A couple important notes:

  • yamlize and Yamlizable.load do not call __init__. Instead they use __new__ to create an instance and setattr(obj, name, value) to set attributes read from YAML. If you would like to customize some sort of initialization you can create your own __new__ method, or override Yamlizable.from_yaml
  • The actual storage name of an attribute is different than the name of the attribute. Specifically, the storage name is '_yamlized_' + name.
  • yamlize can be used for data validation, search "data validation" within the page for various topics of interest.
  • Within the examples, you may notice <BLANKLINE> simply indicating that there is a newline at the end of a string. This is an artifact of using doctest.
Yamlizable.load :
A class method that exists on all Yamlizable subclasses to de-serialize YAML into an instance of that subclass.
Yamlizable.dump :
A class method that exists on all Yamlizable subclasses to serialize an instance of that subclass to YAML.
Attributes : a YAML scalar, kind of
yamlize doesn't really have support for scalars, but it can do type checking on scalar types and data validation. An Attribute is used to define an instance attribute of something created by yamlize.
Objects : a YAML map converted to a Python object
yamlize class for serialization to and from a YAML map. Each key of the YAML map is an attribute of the class instance.
Maps : a YAML map
Basically the same as an OrderedDict, except that it can also have Attributes.
Keyed Lists : a YAML map with special keys and values
Similar to Maps, the KeyedList takes the value of a Python object's attribute as a key. This is best explained with examples...
Sequences : a YAML sequence of objects
This corresponds to a sequence of objects, and can be used to simply validate types (by using something like yamlize.StrList), or to convert a list of other Python yamlizable objects.

Before seeing much about yamlize, this may be out of context, but it is important to know. All subclasses implement a load class method. The class method is then used to create class instances from YAML (again, yamlize does not call __init__, only __new__).

arguments :
stream : str or file
The load method can accept either a YAML string, or a file-like object.
Loader : ruamel.yaml.Loader, optional
A YAML loader; it has only been tested with the ruamel.yaml.RoundTripLoader.
return type : instance of subclass
This returns an instance of the subclass used. So, for example, Thing.load('...') returns an instance of a Thing.

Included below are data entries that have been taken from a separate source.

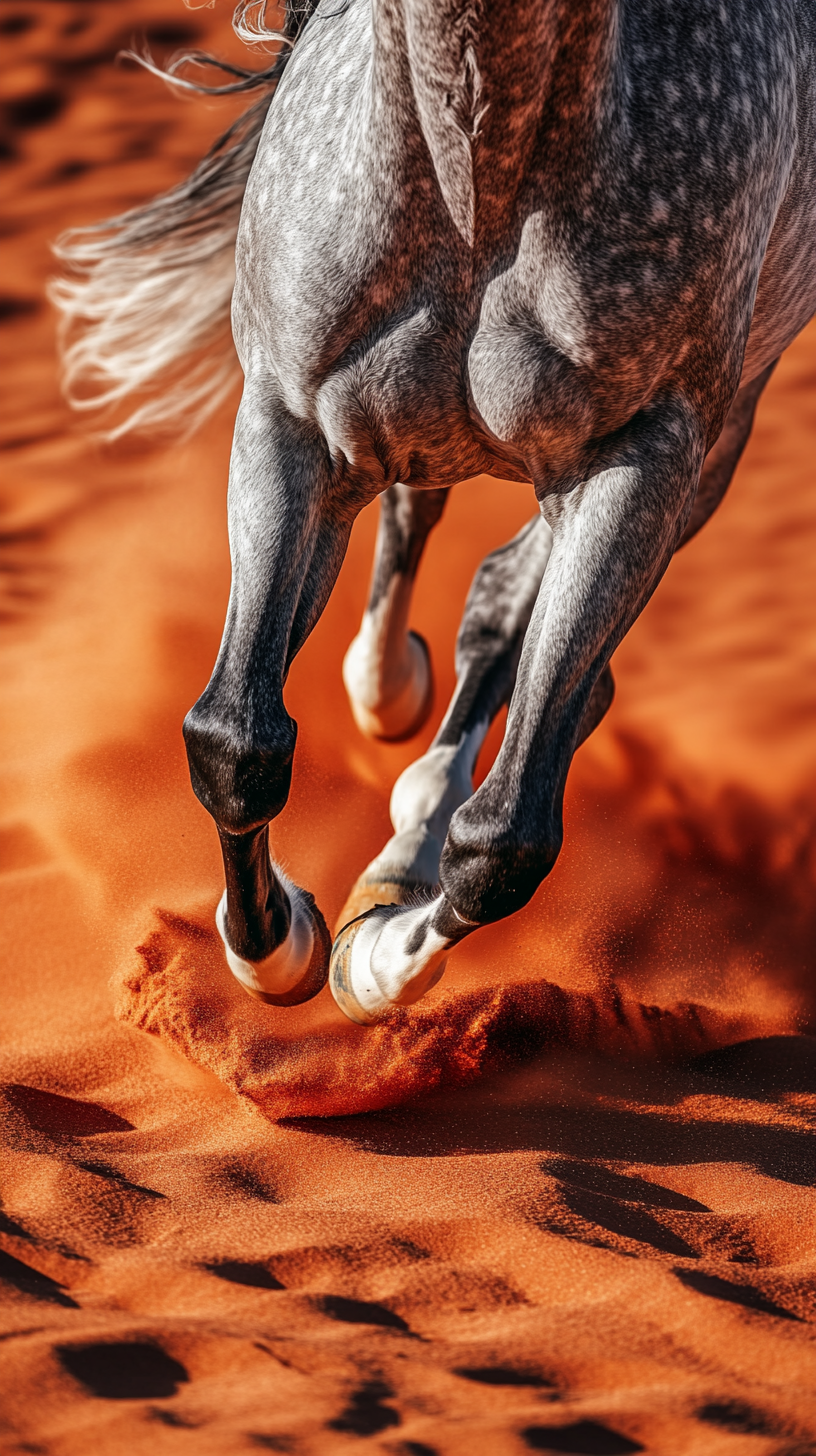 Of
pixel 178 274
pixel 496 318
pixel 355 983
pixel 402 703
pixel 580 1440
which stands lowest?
pixel 580 1440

All subclasses implement a dump class method. The class method is used to write YAML from Python object instances.

arguments :
data : instance of subclass
This is the object to be written, it should be of the same class as the type being used; e.g. Thing.dump(data=thing_instance)
stream : file-like object, optional
If provided, dump writes to the stream, otherwise it returns a string.
return type : None if stream was provided, otherwise string
If stream was provided, the output is written to the stream, otherwise returns an instance of a string.
>>> from yamlize import Object, Attribute
>>>
>>> class Pet(Object):
...
...     name = Attribute()  # declare a yamlize.Attribute
...
...     age = Attribute()
>>>
>>> lucy = Pet.load(u'''
... name: Lucy  # yay it is some YAML!
... age: 8
... ''')
>>>
>>> lucy.name, lucy.age
('Lucy', 8)

Using ruamel.yaml, the formatting can be retained allowing for hand-generated YAML files to retain important information and legibility.

>>> print(Pet.dump(lucy))
name: Lucy  # yay it is some YAML!
age: 8
<BLANKLINE>

Taking a step back from the introduction to yamlize Objects, we should really look at Attributes. An Attribute is a way to map between YAML keys/values to a Python object's attributes.

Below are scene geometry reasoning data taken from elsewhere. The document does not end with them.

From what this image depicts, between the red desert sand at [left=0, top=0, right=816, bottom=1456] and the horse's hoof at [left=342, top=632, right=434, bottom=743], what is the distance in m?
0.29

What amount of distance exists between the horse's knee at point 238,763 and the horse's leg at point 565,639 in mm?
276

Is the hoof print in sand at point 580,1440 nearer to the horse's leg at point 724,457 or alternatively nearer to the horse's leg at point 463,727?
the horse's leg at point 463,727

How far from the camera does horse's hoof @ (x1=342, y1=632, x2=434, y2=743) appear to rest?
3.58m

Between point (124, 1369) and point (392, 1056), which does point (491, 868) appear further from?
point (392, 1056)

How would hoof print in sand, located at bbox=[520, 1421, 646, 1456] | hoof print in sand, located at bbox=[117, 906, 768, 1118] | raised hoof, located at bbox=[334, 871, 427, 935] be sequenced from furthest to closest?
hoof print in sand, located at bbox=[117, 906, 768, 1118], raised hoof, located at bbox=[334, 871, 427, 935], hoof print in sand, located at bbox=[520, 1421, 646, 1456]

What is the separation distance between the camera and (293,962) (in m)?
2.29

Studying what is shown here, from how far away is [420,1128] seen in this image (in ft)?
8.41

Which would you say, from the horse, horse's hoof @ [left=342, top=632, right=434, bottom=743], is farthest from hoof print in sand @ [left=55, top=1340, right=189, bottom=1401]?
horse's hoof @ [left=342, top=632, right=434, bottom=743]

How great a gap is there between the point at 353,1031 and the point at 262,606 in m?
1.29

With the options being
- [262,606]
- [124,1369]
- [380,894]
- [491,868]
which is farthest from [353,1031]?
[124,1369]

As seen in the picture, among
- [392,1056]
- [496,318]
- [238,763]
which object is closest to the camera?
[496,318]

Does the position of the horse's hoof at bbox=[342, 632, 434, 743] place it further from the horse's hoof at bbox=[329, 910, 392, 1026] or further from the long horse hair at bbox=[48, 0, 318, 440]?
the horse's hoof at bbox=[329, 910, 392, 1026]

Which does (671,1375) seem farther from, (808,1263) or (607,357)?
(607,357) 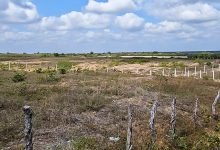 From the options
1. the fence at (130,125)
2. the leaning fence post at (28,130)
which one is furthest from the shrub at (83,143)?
the leaning fence post at (28,130)

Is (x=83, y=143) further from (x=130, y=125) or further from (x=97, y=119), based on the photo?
(x=97, y=119)

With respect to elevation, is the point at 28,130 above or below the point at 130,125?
above

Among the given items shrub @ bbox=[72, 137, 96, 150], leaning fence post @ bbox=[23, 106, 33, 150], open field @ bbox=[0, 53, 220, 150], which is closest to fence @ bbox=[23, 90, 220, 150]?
leaning fence post @ bbox=[23, 106, 33, 150]

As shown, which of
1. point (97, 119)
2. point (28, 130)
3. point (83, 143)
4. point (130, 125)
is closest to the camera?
point (28, 130)

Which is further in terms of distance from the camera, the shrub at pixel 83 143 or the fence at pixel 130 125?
the shrub at pixel 83 143

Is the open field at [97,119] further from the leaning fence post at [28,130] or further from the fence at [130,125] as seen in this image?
the leaning fence post at [28,130]

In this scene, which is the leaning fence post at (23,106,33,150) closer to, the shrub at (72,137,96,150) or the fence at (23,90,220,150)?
the fence at (23,90,220,150)

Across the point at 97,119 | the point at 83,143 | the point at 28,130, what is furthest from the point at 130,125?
the point at 97,119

The Attribute constructor has the following arguments:

name : str, optional
Name of the Python object's attribute. By default this will be the name provided in the declaration (i.e. in the Pet example above, we could have written age = Attribute(name='age'), but that is a bit redundant.
key : str, optional (See renaming keys)
Key in a YAML file. For example, if you had an attribute with an underscore (_) in it, and would instead like to use spaces in the YAML file. Or if your Python object's attributes are camelCase, or PascalCase, but you'd like the YAML to be sane.
type : type, optional (See attribute types)
This can be used to force an object to be cast to a specific type, or to ensure that the YAML input is valid.
default : optional (See attribute defaults)
Provides a default value if the attribute is not defined within the YAML.
validator: callable, optional (See attribute validators)
Callable used to confirm a value is valid the signature is validator(value) -> False to indicate an invalid value, or a custom exception can be raised. Note: False is False and nothing else is, so don't return 0, [], {}, etc. when you meant False.

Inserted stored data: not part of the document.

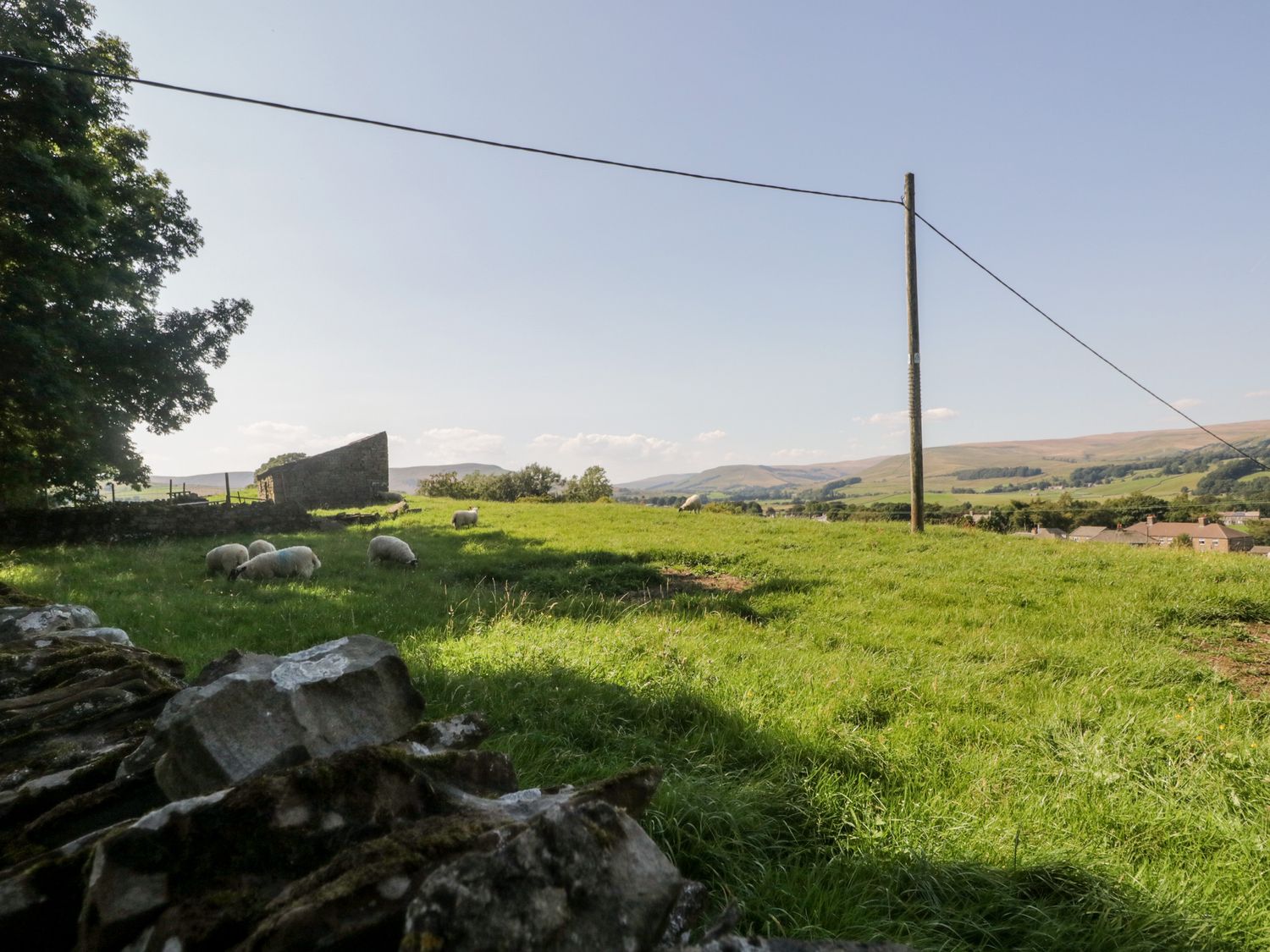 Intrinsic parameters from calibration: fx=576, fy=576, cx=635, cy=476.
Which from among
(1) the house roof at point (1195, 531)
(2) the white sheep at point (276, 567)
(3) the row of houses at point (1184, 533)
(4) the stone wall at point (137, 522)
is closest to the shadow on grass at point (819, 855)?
(2) the white sheep at point (276, 567)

The Attributes key argument can be used to "map" from a YAML input name to the Python object's attribute name.

>>> from yamlize import Object, Attribute
>>>
>>> class ThingWithAttribute(Object):
...
...     python_name = Attribute(key='YAML key')
>>>
>>> twa = ThingWithAttribute.load('YAML key: this is the value from YAML')
>>> twa.python_name
'this is the value from YAML'

Note

yamlize doesn't prevent you from doing silly things like using names that shouldn't be valid python attributes, or keys that shouldn't be valid YAML.

getattr(obj, 'why did I do this?')

The Attributes type argument can be used to perform type data validation on the input YAML. (Sorry for using "type data validation" instead of "data type validation", but this way one can search "data validation" within the documentation and find all relevant topics.)

>>> from yamlize import Object, Attribute
>>>
>>> class StronglyTypedThing(Object):
...
...     my_int = Attribute(type=int)
...     my_float = Attribute(type=float)
...     my_str = Attribute(type=str)
...
>>>
>>> stt = StronglyTypedThing.load(u'''
... my_int: 42
... my_float: 9.9
... my_str: this is a string.   still
... ''')

The above worked just fine because all the types correspond. Giving incorrect types will result in YamlizingErrors indicating the line of input that is erroneous.

>>> StronglyTypedThing.load(u'''
... my_int: 12.1
... my_float: 9.9
... my_str: this is a string.   still
... ''') # doctest: +IGNORE_EXCEPTION_DETAIL
Traceback (most recent call last):
    ...
YamlizingError: Coerced `<class 'ruamel.yaml.scalarfloat.ScalarFloat'>` to `<type 'int'>`, but the new value `12` is not equal to old `12.1`.
start:   in "<unicode string>", line 2, column 9:
    my_int: 12.1
            ^ (line: 2)
end:   in "<unicode string>", line 2, column 13:
    my_int: 12.1
                ^ (line: 2)

Note that we tried to coerce one type to another, so it is possible to trick the logic.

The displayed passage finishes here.